Activity
Copy out exactly the lines spanning the line with "Мобільний телефон Sigma" to the line with "Used 2017 Audi A6 2.0T Premium image 36", inclusive, from the data underneath, with no pictures.

The data

"""

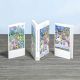 The Gardener's Encyclopaedia + Hellebores - Boxed Set of 10 Note Cards 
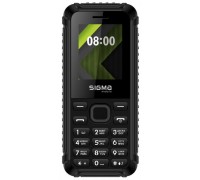 Мобільний телефон Sigma mobile X-style 18 Track Dual Sim Black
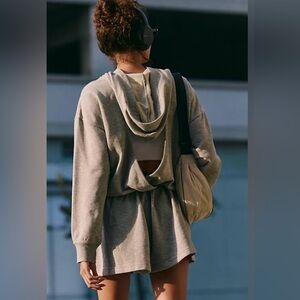 Free People Such A Flirt Romper NWOT size S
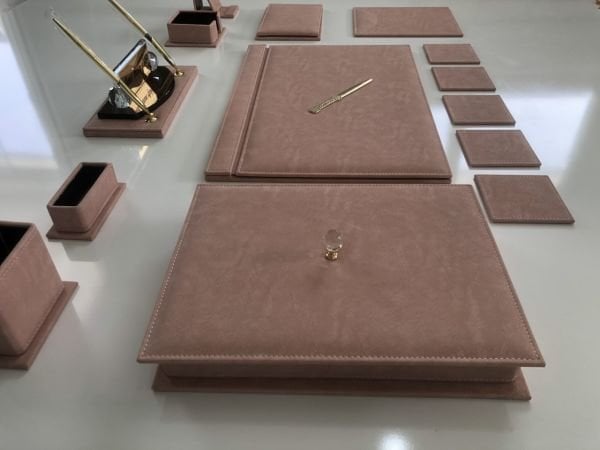 EL YAPIMI Jaguar Pudra Sümen Takımı V.I.P Hand Made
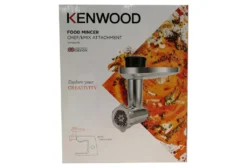 Kenwood KAX950ME Fleischwolf Aufsatz Für Sense Und KMix -Kaufland Verkäufe c32ffdf70cfd01739f8524bd75f5c465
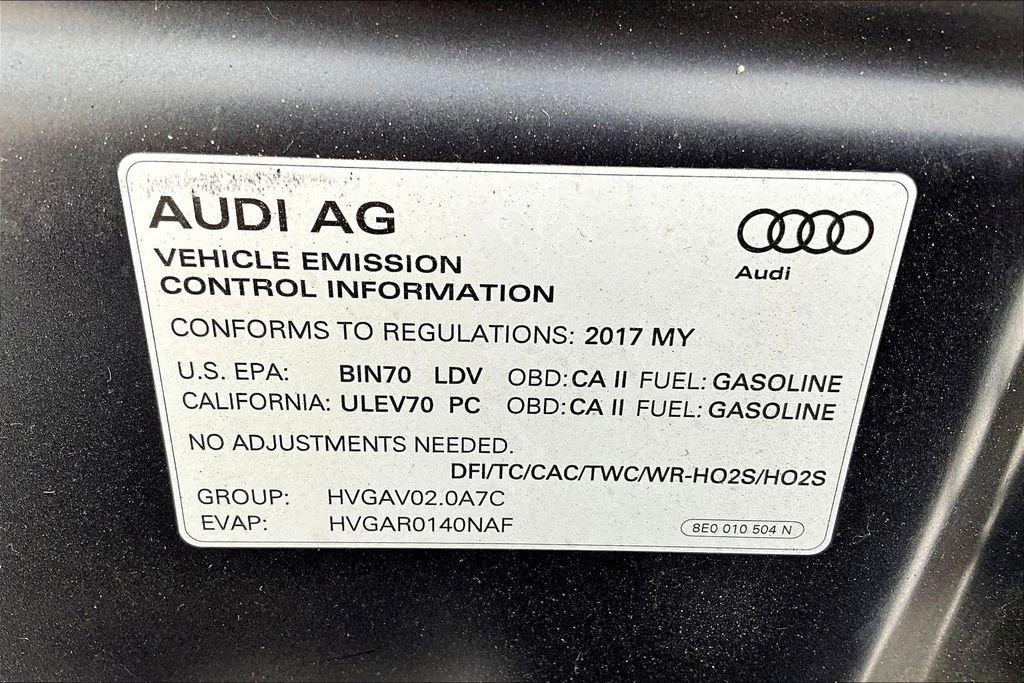 Used 2017 Audi A6 2.0T Premium image 36
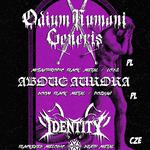 Odium Humani Generis / Above Aurora / Identity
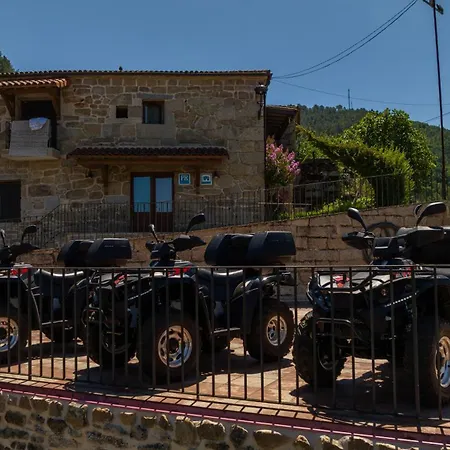 منزل ريفي Casa A Chairina Y A Revolta Arnoia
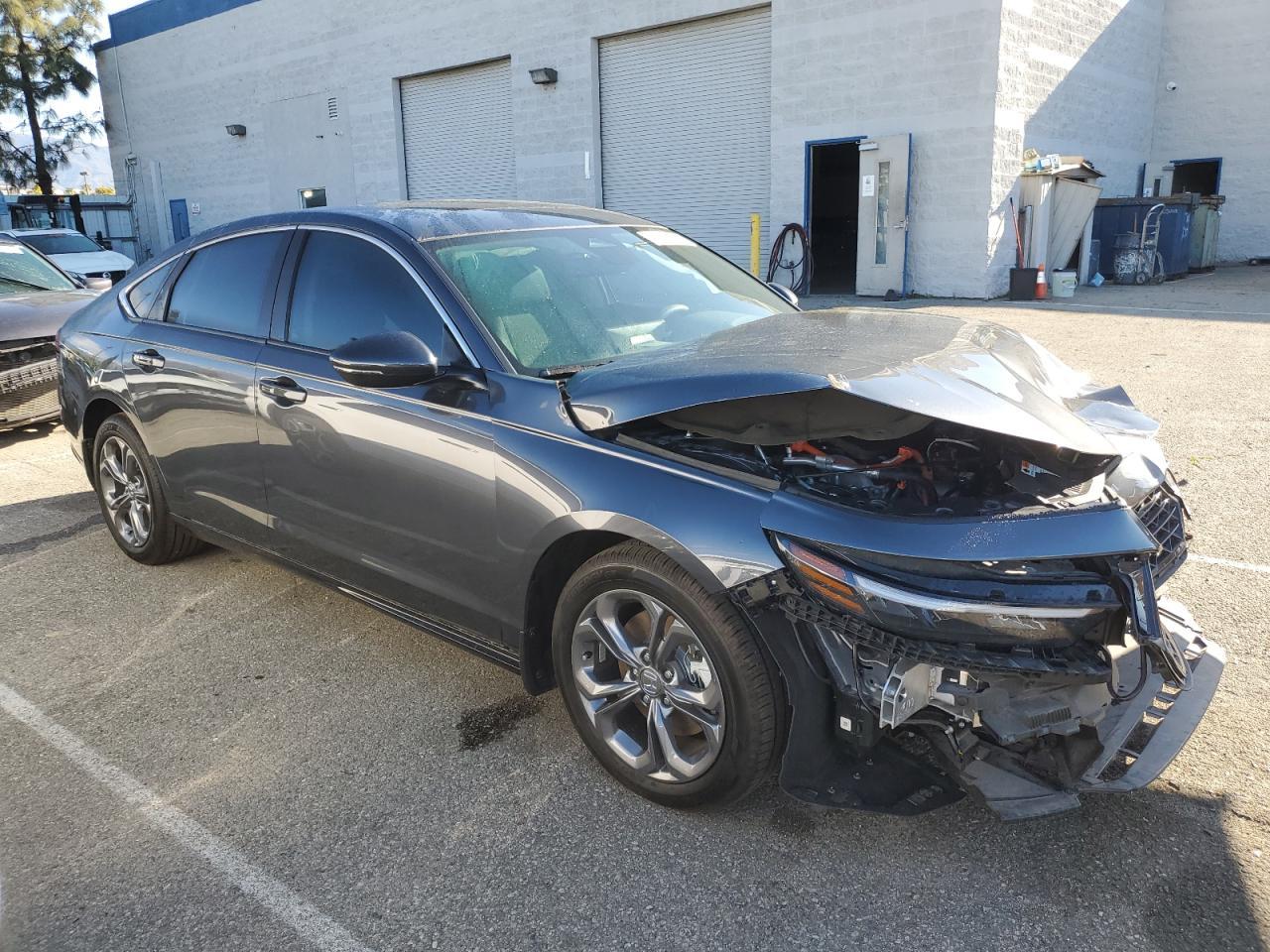 2023 HONDA ACCORD HYB - Image 4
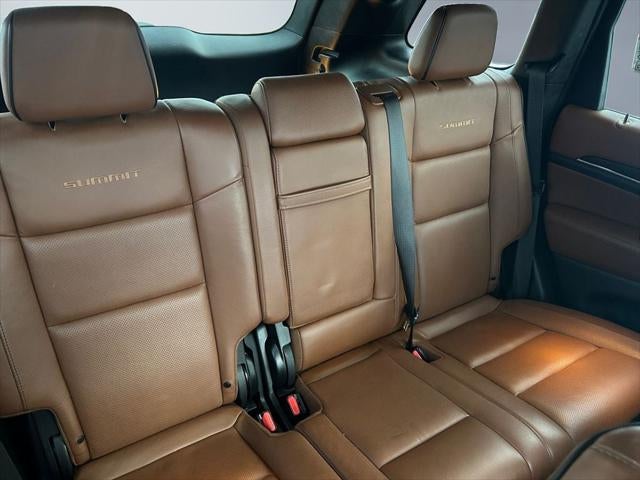 2020 Jeep Grand Cherokee Summit 4X4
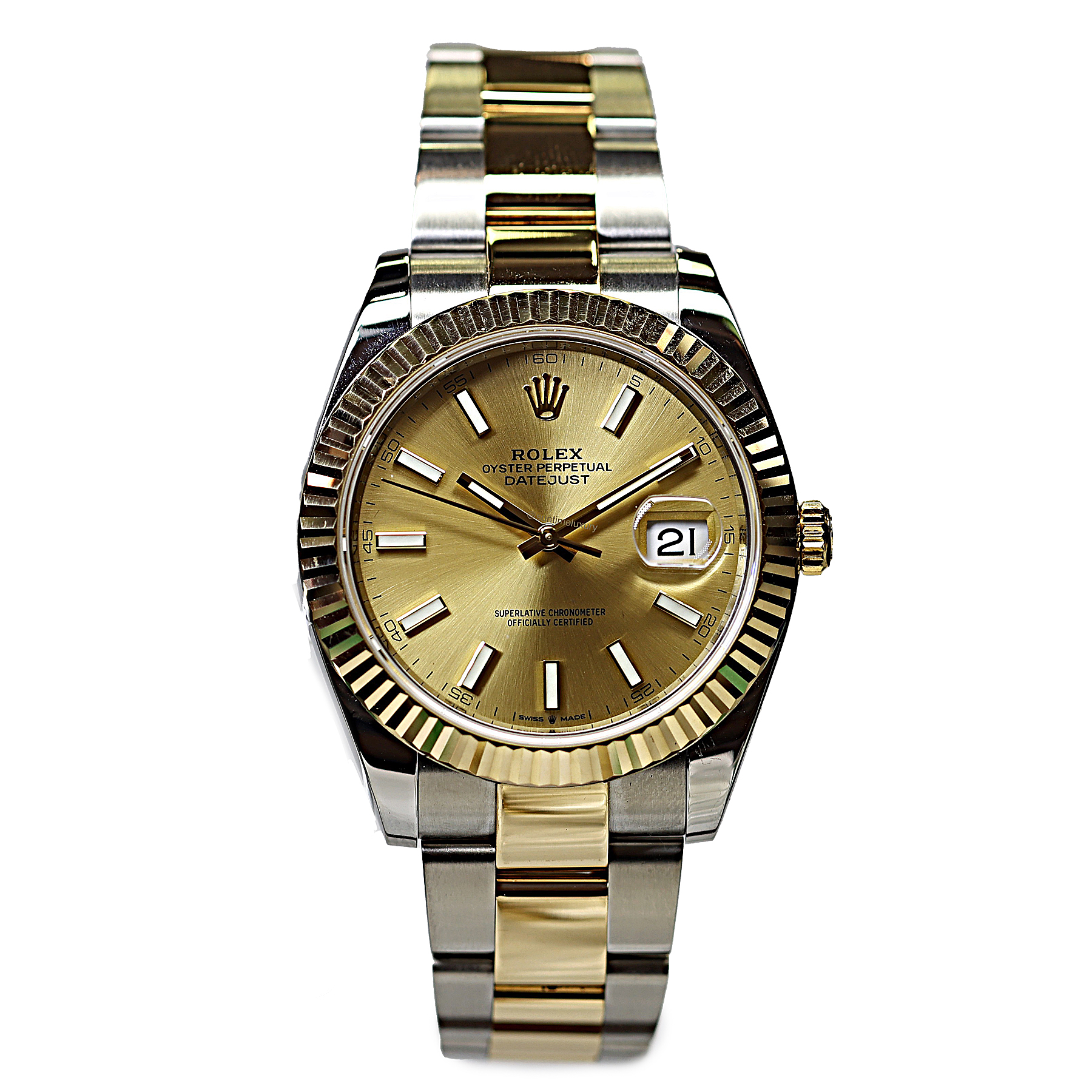 Rolex Datejust 41 #554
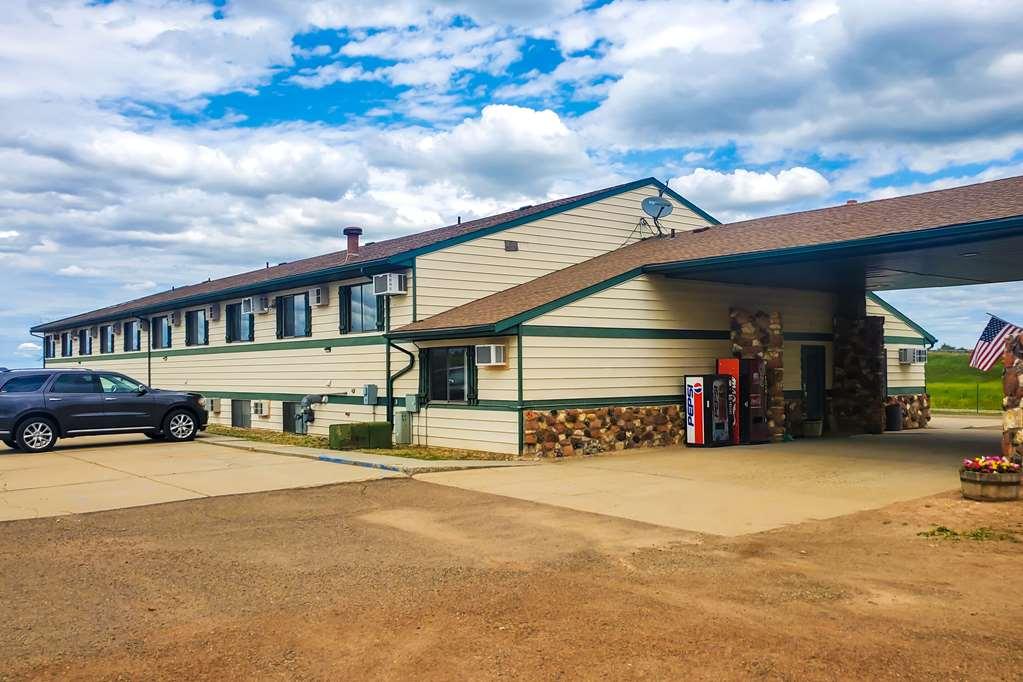 罗德威酒店 Wibaux 外观 照片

"""

The answer
 Мобільний телефон Sigma mobile X-style 18 Track Dual Sim Black
 Free People Such A Flirt Romper NWOT size S
 EL YAPIMI Jaguar Pudra Sümen Takımı V.I.P Hand Made
 Kenwood KAX950ME Fleischwolf Aufsatz Für Sense Und KMix -Kaufland Verkäufe c32ffdf70cfd01739f8524bd75f5c465
 Used 2017 Audi A6 2.0T Premium image 36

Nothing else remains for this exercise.